# достижение калькуляторной окупаемости



## William Stein

Целью СП является достижение калькуляторной окупаемости проекта в соответствии с предполагаемыми объемами продаж СП в течение 7 лет.
 
The objective of the Joint Venture is to recoup the cost of the project within 7 years according to the JV's projected sales volumes? 
 
I don't understand калькуляторной at all.

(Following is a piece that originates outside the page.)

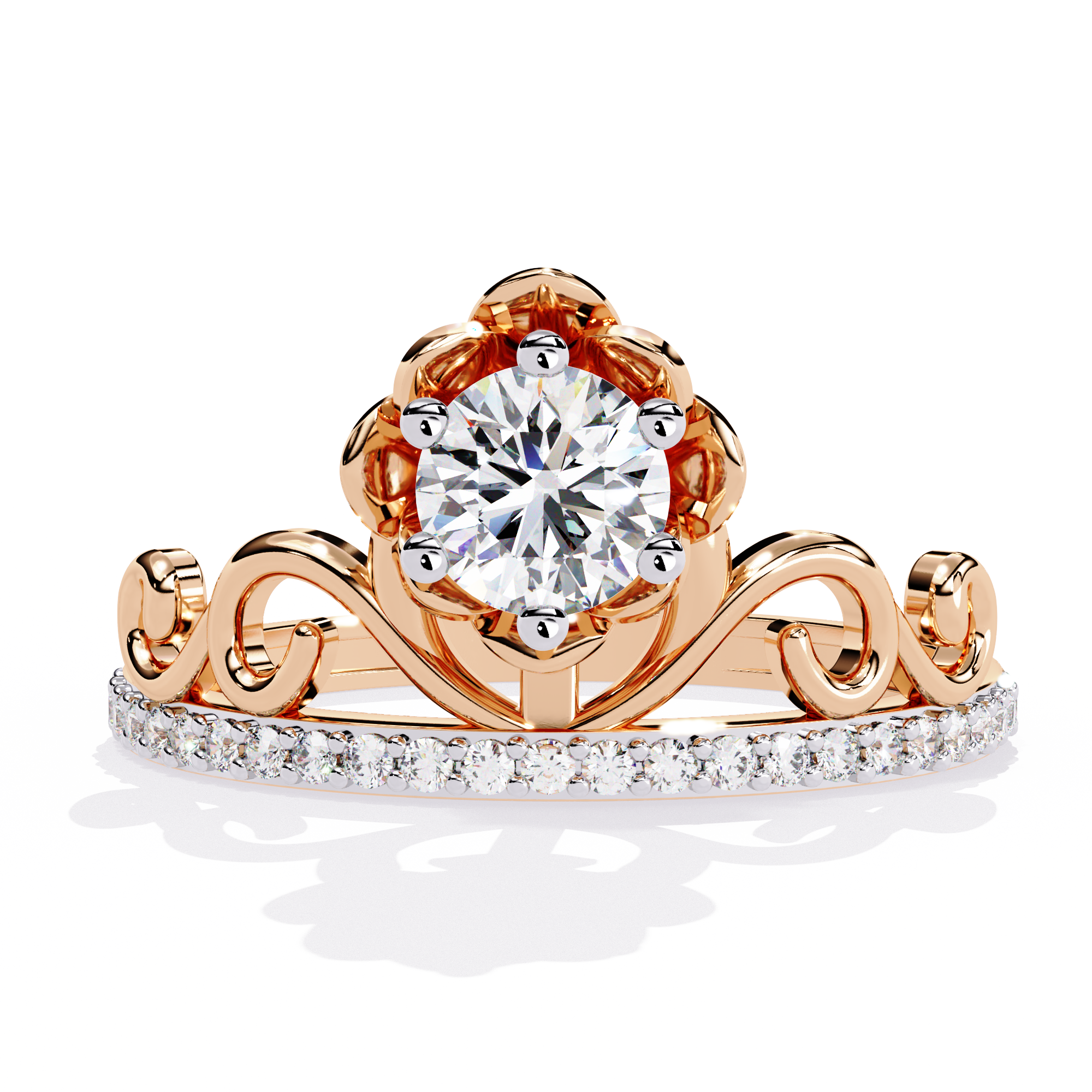 Solitairekart 0.56ct Natural Diamond Floral Crown Ring-HI Color, VS-SI Clarity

If my translation is right, the objective should be to recover the costs in reality, not in theory.


----------



## morzh

It is some sort of misnomer....I couldn't even find this combination by Googling it.

"Окупаемость" is "profitability".
And the profitability is a binary category: it either exist, or it doesn't. 

Then again, I am no accountant, let alone a Russian accountant....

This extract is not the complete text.